BGE to begin smart meter installation in May

Utility to send information letters to customers on Monday

March 18, 2012|By Hanah Cho, The Baltimore Sun

Starting in May, Baltimore Gas and Electric Co. will begin installing "smart meters" in a huge undertaking intended to modernize Central Maryland's electricity grid and save customers money by helping them control energy use.

The three-year, $482 million rollout is scheduled to begin in Pasadena and continue in stages until 1.3 million analog electric meters are replaced with digital ones and 700,000 gas meters are upgraded by the end of 2014. The utility is mailing letters Monday to all BGE residential and commercial customers, informing them of the deployment.

The installation would roll through Anne Arundel County this year to southwestern Baltimore County and Howard County early next year. The utility will move on to Baltimore next year and the remaining parts of Baltimore County as well as Harford and Carroll counties in 2014.

"We look at this as the most transformational change in the electricity grid in the last 100 years," said Mark D. Case, BGE's vice president of strategy and regulatory affairs. "It is really not overstating it to describe it in those terms."

BGE is shouldering the early costs to install smart meters in homes and businesses under an agreement with state energy regulators. The utility would not be able to recoup its costs through rate increases until 2015 at the earliest, Case said. If those increases are approved, BGE estimates that its customers could pay an extra $1.10 a month on average over a 10-year period.

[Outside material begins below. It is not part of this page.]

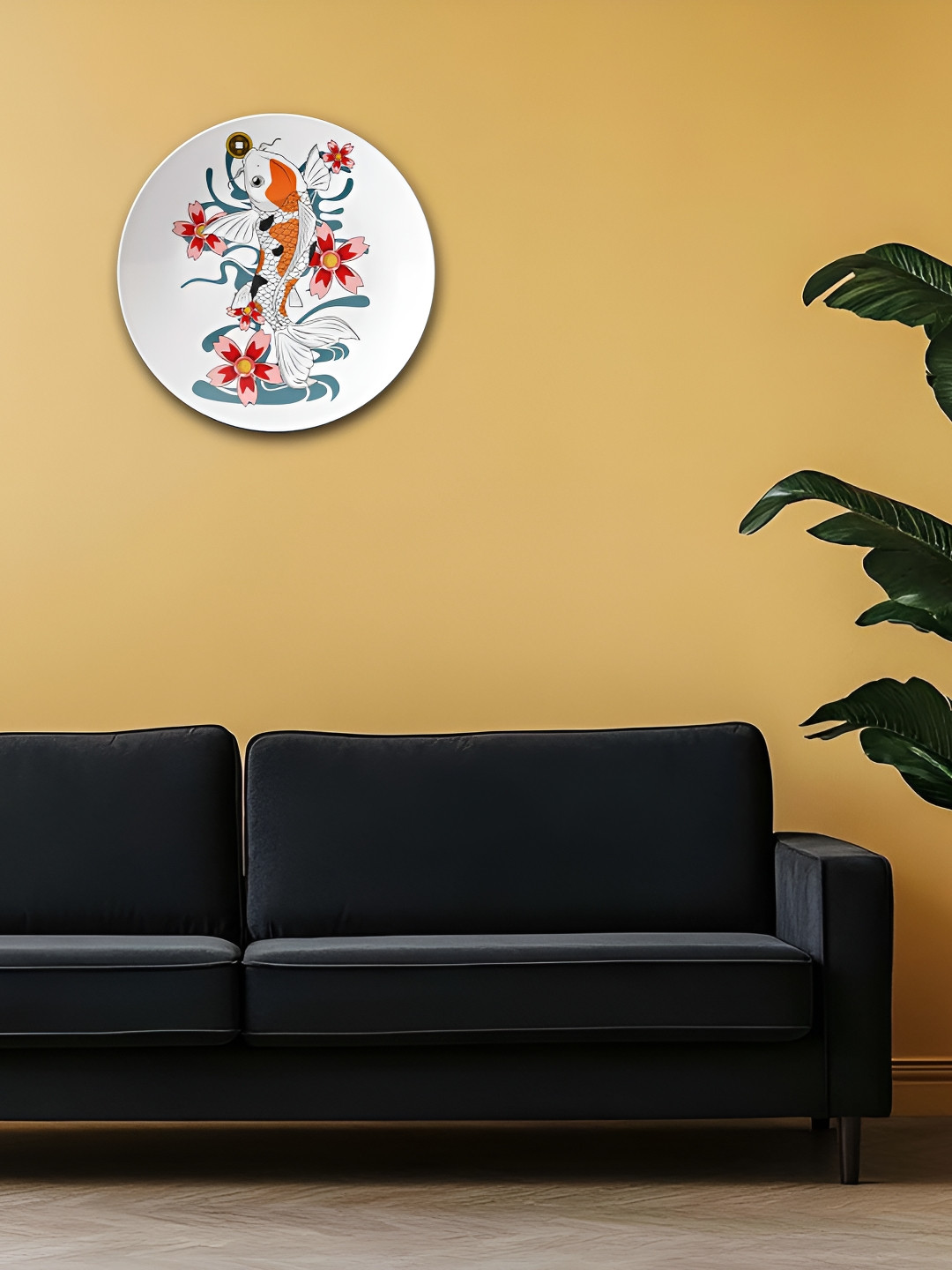 THE QUIRKY HOME Fish Art Crafted Ceramics Glossy Hanging Hall Wall Plates-10In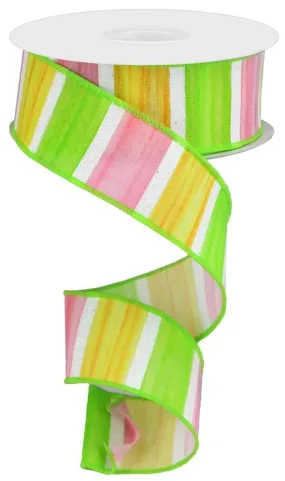 1.5" Spring Watercolor Stripe Ribbon: Pink/Yllw/Grn/Wht - 10yds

Even before the installation gets under way, though, BGE officials say it's critical to get customers to buy into the high-tech program.

Some utilities installed smart meters without fully explaining to customers what to expect, how the meters work and how they can benefit from the new technology. That created anxiety over the privacy and security of the data and fears about radio waves emitted by the high-tech boxes, experts say. In California and Texas, customers also have reported outlandish bills and other problems.

"People didn't know what was going on," said Bernie Neenan, a technical executive at the industry-supported Electric Power Research Institute.

More recently, utilities have gotten better at educating customers on smart meters, mitigating complaints, he said.

BGE customers who still have concerns currently cannot opt out of the smart-meter project. The Maryland Public Service Commission, however, plans to consider at a hearing in May whether to require the state's utilities to have an opt-out provision.

BGE has set aside $66 million for education and outreach during and after the installation period. The utility is following a detailed plan approved by the commission, which includes employee training, reaching out to local officials and community groups, and mailing welcome letters and installation notifications.

BGE also has been working closely with AARP and the Maryland Office of People's Counsel, which represents residential ratepayers, on consumer education, data security and meter performance metrics.

"Our priority is to make sure consumers understand what the new meters will do and what they will not do," said Hank Greenberg, state director of AARP Maryland.

BGE joins other utilities across the country installing smart meters to modernize their aging electricity infrastructures. So far, 27 million smart meters have been installed, and that number is expected to more than double to 65 million by 2015, according to The Edison Foundation's Institute for Electric Efficiency.

Pepco, which serves Prince George's and Montgomery counties, has installed more than 125,000 smart meters in Maryland and expects to finish by the end of this year. The utility has 530,000 customers in Maryland.

Smart-meter technology allows two-way communication between customers and the utility. The utility benefits from immediate information about outages and other problems on the grid. The technology also automates meter readings, saving money because the utility would no longer need meter readers.

For customers, the new digital meters are intended to allow them to track and control usage, helping them save on their energy bills.

"It'll give them more data than ever before," said Jeannette M. Mills, BGE's chief customer officer.

The project's cost is $713 million, including maintenance and upgrades of the smart-meter technology over 10 years. BGE received a $200 million federal grant to help pay for it.

BGE officials estimate customers could save at least $2.5 billion over the meters' 10-year life. On average, that could mean between $8 to $10 a month for a typical customer, BGE said.

Customer savings would come from the utility's operational savings, which would be passed on to customers. In a few years, customers would be able to use the data to manage their energy use, which also could save them money.

Later this year, BGE plans to launch an online portal providing hourly usage information within 24 hours. Currently, customers receive usage data in their monthly bills.